- Opening Delimiter -

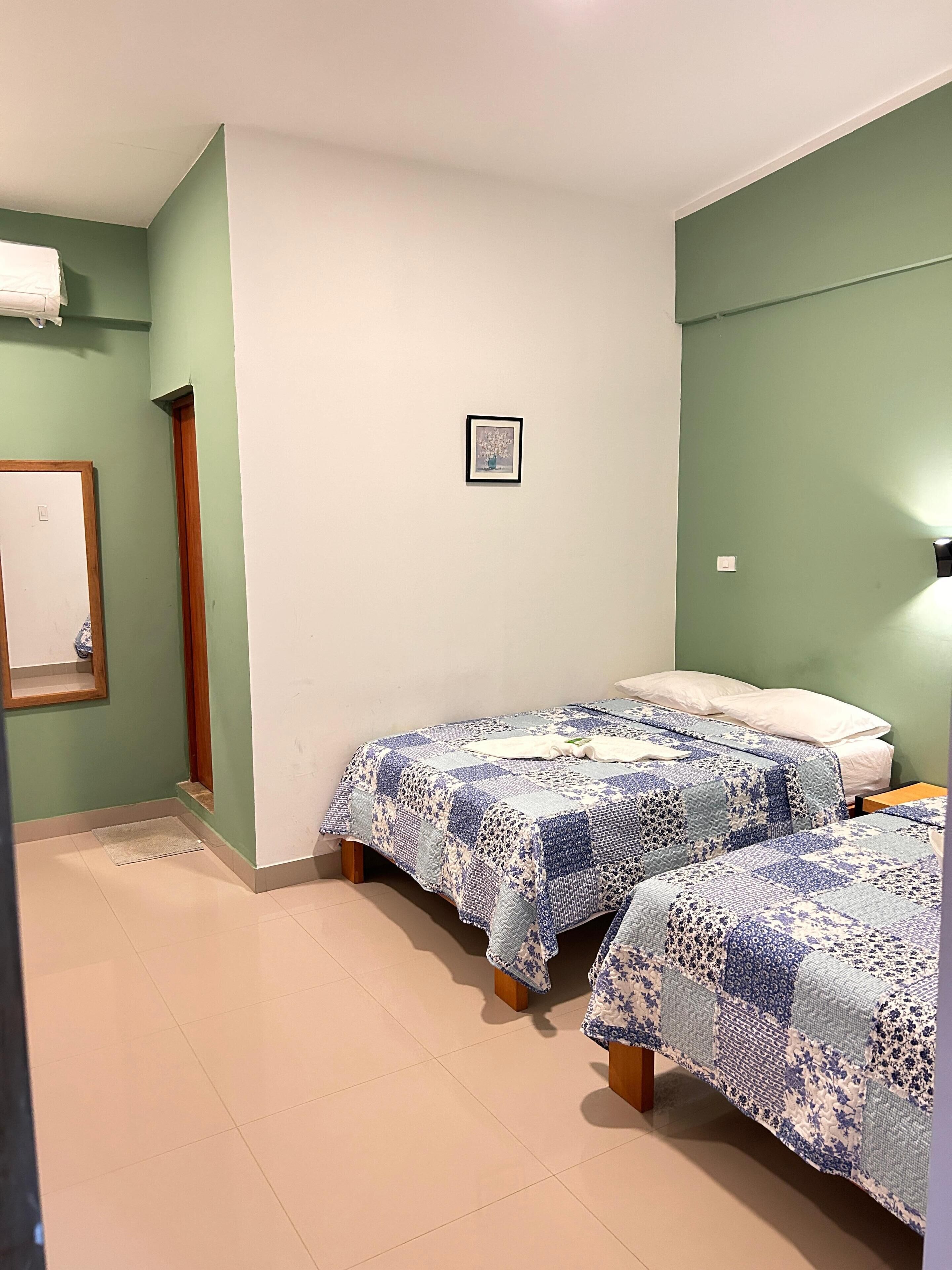 A room with two beds, a framed picture on the wall, and a door with a mirror.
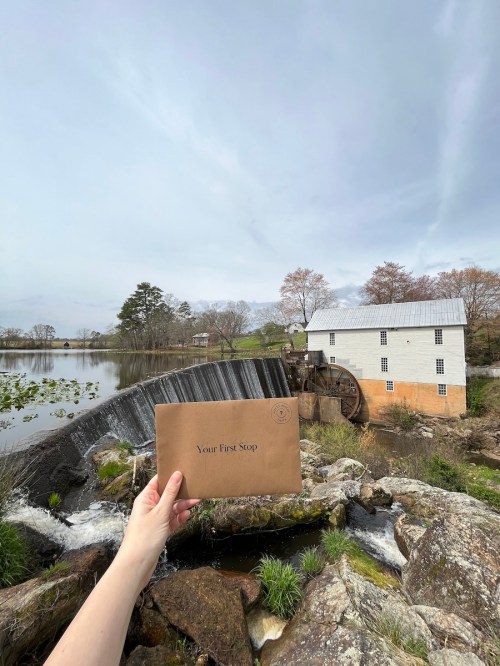A hand holds a brown envelope in front of a scenic watermill and pond, with trees and a cloudy sky in the background.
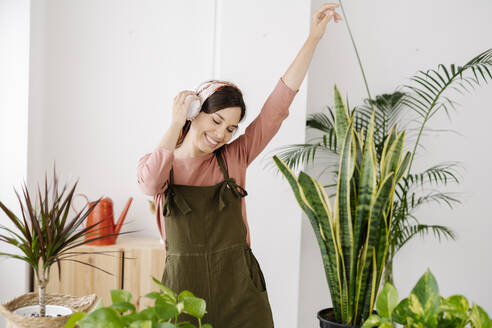 Lächelnde Frau hört Musik über Kopfhörer und tanzt inmitten von Pflanzen - JCZF01039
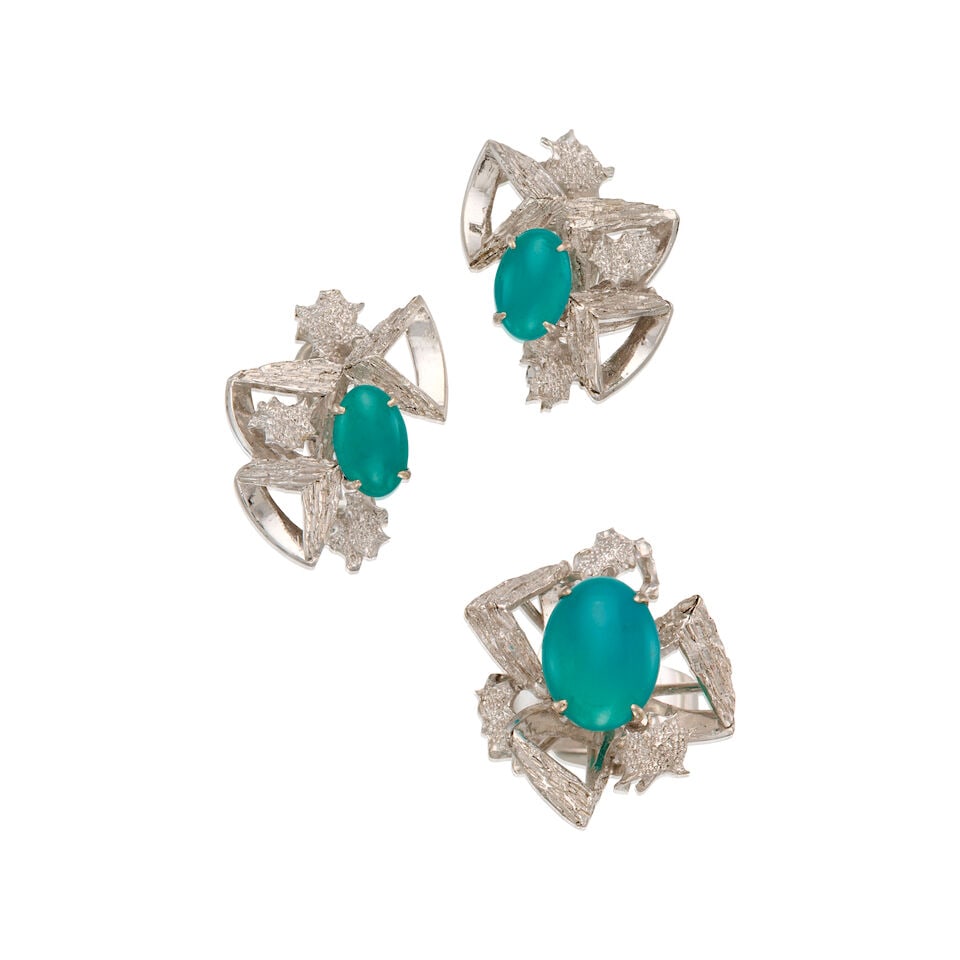 A WHITE GOLD, GEM SILICA EARRINGS AND RING: A WHITE GOLD, GEM SILICA EARRINGS AND RING • A pair of 10K white gold and nickel-based metal earrings with two oval cabochon shaped gem silica measuring approximately 9.48mm x 6.28mm, measures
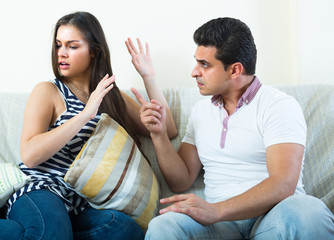 Quarrel between young spouses at home.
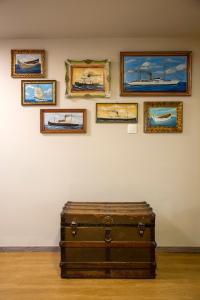 an old suitcase sitting in front of a wall with paintings at The Frogs_Guest House in Athens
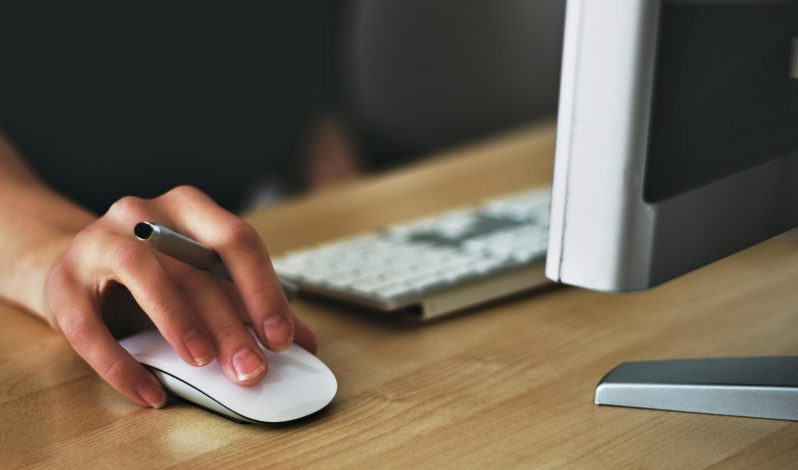 Free A hand using a wireless mouse at a modern desk setup with a computer and keyboard. Stock Photo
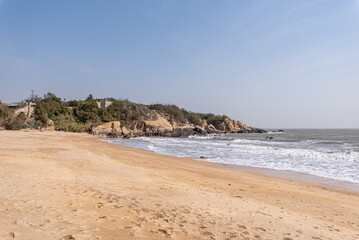 Fototapeta na wymiar Beaches, waves and stones by the sea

- Closing Delimiter -

What you have to do: Each record above should be copied character for character, with pictures dropped.

Result:
 A room with two beds, a framed picture on the wall, and a door with a mirror.
A hand holds a brown envelope in front of a scenic watermill and pond, with trees and a cloudy sky in the background.
 Lächelnde Frau hört Musik über Kopfhörer und tanzt inmitten von Pflanzen - JCZF01039
 A WHITE GOLD, GEM SILICA EARRINGS AND RING: A WHITE GOLD, GEM SILICA EARRINGS AND RING • A pair of 10K white gold and nickel-based metal earrings with two oval cabochon shaped gem silica measuring approximately 9.48mm x 6.28mm, measures
 Quarrel between young spouses at home.
 an old suitcase sitting in front of a wall with paintings at The Frogs_Guest House in Athens
 Free A hand using a wireless mouse at a modern desk setup with a computer and keyboard. Stock Photo
 Fototapeta na wymiar Beaches, waves and stones by the sea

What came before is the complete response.